Письмо к А. П. Ладинскому, Бунин Иван Алексеевич, Год: 1945

Время на прочтение: 4 минут(ы)

Письмо к А. П. Ладинскому

Литературное наследство. Том восемьдесят
четвертый. В двух книгах.
Иван Бунин. Книга первая
М., ‘Наука’ 1973
Публикация Т. А. Ладинской
OCR Ловецкая Т. Ю.

Письмо к А. П. Ладинскому

1945

Villa Jeannette, Grasse, A. M.

8.2.1945

Дорогой Антонин Петрович,
Пожалуйста, извините за столь поздний ответ: очень нездоровится и слабость, безволие, а потом такой холод в доме, что иногда часами сидишь в оцепенении, все не решаясь вынуть искалеченные руки из рукавов.
Получил номер вашей газеты, взял предыдущие номера у Зурова — и еще более убедился, что газета — яркополитическая, а я уже давно потерял всякую охоту к какой бы то ни было политике, горячо радуюсь победам России и союзников, но ведь это не политика.

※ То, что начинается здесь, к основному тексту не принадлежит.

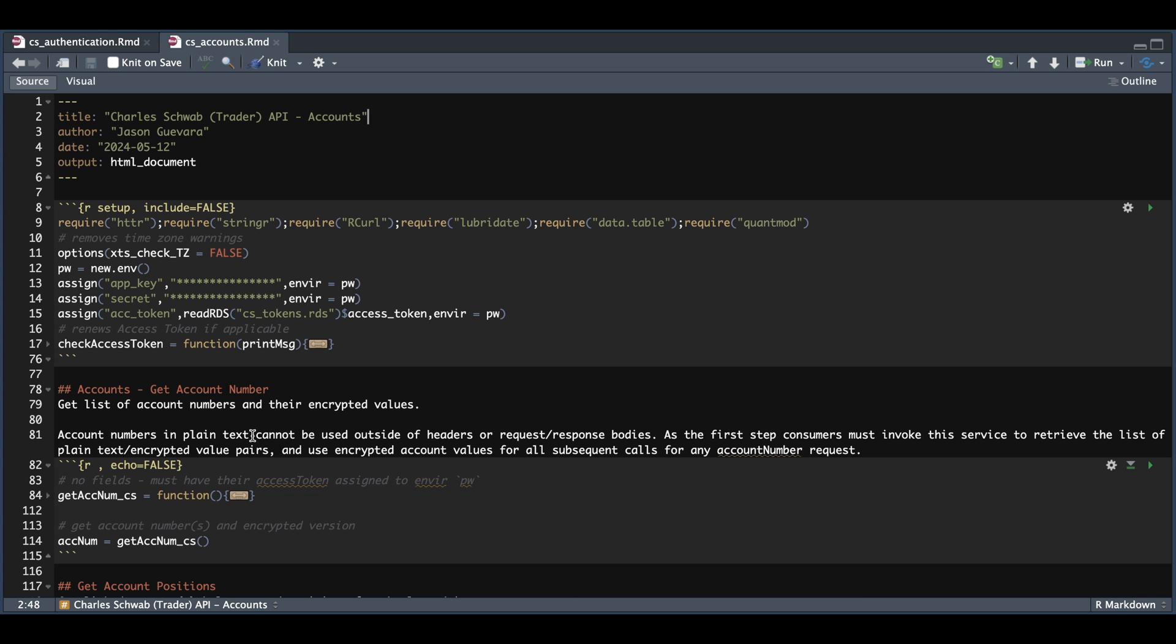We're going to start off with getting our account numbers. This function will retrieve two things: the first is your account number as seen online, and the second is the hash value for that account. The Trader API doesn't want us to use our account number. Instead, it wants us to use the hash value for that account. So this function will help us retrieve that information.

Посему, при всей моей нелюбви отказывать людям и особенно друзьям, приятелям, никак не могу — по крайней мере в данное время — участвовать даже в литературном отделе ‘Русского патриота’. Вы говорите: ‘Поддержите нас’. Но ведь это есть поддержка газеты, органа политически боевого, участие в известной политической деятельности. Не сетуйте, дорогой мой, на меня, я очень люблю вас и как поэта, и как прозаика (с великим удовольствием читал, между прочим, про Анну Ярославовну), люблю и как человека, рад был бы сделать вам угодное, но эту вашу просьбу вынужден отклонить (сердечно благодаря, конечно, вас за внимание).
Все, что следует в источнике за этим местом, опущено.